Consumer inflation slowed for the third consecutive month, moderating to 4.4% in August from 4.6% in July. This was below consensus expectations, which forecast inflation would remain at 4.6% or slow slightly to 4.5%.
According to Stats SA, which published the August inflation data on Wednesday, this was the lowest inflation print since 2021.
Lower annual rates were recorded for several product groups, most notably transport (as a result of recent fuel price cuts) and housing, said Stats SA. In contrast, inflation for food and nonalcoholic beverages edged higher in August.
Inflation dipping below the SA Reserve Bank midpoint target of 4.5% earlier than expected should provide further impetus for the Bank’s monetary policy committee (MPC) to lower rates this week.
The MPC will announce its repo rate decision for September on Thursday and it is widely expected to cut rates by 25 basis points (bps) to 8%.
The MPC said in its July rates decision that SA’s inflation outlook had improved.
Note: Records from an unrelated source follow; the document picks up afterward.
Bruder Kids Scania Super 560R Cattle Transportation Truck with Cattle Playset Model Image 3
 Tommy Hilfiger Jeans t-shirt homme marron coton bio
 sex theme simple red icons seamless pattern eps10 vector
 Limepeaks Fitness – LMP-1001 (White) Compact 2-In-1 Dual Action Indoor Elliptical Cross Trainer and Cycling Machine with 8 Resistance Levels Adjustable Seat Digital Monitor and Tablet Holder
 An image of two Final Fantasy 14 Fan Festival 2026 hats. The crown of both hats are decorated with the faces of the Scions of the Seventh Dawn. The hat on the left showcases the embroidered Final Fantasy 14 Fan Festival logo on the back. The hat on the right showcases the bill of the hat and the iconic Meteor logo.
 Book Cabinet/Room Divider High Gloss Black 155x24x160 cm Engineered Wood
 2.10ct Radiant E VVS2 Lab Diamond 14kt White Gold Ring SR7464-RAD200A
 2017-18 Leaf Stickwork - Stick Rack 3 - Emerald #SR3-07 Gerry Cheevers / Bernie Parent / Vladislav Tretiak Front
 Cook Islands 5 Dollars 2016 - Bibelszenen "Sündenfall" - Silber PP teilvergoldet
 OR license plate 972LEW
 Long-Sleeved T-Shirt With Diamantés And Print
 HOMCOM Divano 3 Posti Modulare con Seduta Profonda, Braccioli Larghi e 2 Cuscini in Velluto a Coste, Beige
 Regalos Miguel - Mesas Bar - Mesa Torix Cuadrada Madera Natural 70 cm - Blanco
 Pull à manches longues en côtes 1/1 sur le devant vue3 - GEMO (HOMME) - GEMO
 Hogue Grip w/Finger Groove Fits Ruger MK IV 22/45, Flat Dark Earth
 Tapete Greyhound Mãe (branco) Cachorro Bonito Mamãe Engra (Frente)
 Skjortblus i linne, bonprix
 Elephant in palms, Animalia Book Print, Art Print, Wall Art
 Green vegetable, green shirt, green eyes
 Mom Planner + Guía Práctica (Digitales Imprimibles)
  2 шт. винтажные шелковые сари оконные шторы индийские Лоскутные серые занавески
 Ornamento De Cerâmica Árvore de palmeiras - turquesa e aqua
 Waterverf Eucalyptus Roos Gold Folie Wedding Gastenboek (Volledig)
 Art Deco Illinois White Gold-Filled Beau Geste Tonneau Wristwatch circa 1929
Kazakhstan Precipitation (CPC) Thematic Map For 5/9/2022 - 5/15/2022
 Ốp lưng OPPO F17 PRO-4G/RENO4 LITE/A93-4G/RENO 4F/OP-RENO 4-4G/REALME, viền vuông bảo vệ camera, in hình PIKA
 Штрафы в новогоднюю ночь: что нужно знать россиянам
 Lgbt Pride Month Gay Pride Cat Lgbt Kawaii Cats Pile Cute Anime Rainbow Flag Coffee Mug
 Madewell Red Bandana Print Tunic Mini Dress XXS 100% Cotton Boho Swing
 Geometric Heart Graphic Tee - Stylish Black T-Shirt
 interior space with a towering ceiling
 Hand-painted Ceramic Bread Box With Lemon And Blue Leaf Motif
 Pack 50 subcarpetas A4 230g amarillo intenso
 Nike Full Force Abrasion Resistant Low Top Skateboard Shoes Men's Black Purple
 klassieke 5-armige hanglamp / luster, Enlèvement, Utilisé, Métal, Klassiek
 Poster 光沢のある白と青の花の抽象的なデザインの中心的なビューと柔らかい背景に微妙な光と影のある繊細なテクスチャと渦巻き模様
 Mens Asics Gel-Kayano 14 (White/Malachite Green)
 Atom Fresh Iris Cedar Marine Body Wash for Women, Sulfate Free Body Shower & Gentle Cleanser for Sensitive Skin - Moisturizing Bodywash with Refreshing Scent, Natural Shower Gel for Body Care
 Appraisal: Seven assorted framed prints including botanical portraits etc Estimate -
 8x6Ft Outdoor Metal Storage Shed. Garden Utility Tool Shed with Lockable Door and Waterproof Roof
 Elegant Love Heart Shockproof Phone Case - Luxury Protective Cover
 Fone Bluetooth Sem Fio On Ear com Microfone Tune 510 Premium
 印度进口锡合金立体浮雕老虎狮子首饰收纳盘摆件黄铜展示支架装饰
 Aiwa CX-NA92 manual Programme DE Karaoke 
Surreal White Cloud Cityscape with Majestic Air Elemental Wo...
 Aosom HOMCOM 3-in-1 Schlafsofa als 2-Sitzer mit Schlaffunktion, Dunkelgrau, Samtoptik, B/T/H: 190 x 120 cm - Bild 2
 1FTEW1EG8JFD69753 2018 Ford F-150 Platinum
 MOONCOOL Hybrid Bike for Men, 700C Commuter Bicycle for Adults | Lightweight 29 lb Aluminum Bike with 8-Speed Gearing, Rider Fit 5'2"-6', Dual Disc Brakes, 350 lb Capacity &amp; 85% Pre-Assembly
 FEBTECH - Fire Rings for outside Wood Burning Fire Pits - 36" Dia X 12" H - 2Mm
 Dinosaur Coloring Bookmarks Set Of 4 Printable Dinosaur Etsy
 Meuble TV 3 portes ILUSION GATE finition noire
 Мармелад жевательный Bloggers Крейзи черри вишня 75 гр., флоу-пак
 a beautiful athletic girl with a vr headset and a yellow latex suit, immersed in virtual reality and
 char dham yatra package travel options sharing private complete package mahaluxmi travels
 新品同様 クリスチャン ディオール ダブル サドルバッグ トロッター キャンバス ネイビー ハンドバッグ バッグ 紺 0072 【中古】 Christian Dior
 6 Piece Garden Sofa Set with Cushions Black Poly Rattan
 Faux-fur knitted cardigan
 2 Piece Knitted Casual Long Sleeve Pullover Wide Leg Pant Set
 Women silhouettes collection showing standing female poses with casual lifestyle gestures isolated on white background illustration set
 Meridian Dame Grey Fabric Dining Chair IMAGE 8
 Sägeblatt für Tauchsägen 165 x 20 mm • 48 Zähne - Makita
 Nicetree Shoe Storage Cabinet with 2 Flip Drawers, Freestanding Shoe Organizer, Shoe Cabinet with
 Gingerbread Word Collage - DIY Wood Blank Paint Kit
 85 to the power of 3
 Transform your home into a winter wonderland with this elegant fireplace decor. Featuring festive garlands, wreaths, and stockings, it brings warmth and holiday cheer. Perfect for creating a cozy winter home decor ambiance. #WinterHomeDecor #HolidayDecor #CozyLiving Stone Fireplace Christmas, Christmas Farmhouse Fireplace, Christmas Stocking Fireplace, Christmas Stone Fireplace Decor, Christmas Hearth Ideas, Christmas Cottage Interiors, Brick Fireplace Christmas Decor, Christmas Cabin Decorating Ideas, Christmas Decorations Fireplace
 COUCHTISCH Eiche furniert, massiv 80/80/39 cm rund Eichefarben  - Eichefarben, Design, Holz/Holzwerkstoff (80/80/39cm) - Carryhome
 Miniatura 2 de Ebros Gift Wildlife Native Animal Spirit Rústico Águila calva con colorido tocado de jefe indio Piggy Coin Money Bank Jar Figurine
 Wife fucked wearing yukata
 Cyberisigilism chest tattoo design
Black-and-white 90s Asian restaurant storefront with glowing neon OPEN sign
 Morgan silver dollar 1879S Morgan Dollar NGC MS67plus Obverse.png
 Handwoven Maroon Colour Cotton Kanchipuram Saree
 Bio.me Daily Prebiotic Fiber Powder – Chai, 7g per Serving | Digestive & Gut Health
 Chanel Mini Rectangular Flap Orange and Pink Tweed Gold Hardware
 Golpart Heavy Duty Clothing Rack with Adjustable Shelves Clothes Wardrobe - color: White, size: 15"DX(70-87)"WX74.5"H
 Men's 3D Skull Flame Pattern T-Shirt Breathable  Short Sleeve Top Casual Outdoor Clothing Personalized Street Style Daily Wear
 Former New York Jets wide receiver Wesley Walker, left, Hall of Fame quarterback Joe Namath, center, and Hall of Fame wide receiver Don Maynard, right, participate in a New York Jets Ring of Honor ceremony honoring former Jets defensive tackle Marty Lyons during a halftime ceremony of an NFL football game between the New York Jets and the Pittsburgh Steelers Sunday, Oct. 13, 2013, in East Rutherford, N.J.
At the time, the Bank forecast inflation to return to the midpoint of its 3%-6% target band in the fourth quarter of 2024. It previously forecast price increases would dip below 4.5% by only the second quarter of 2025.
The Bureau for Economic Research’s (BER) third-quarter inflation expectations survey published last week showed analysts, businesses and trade unions expected headline inflation to average 5.1% in 2024, down from 5.3% in the second-quarter survey.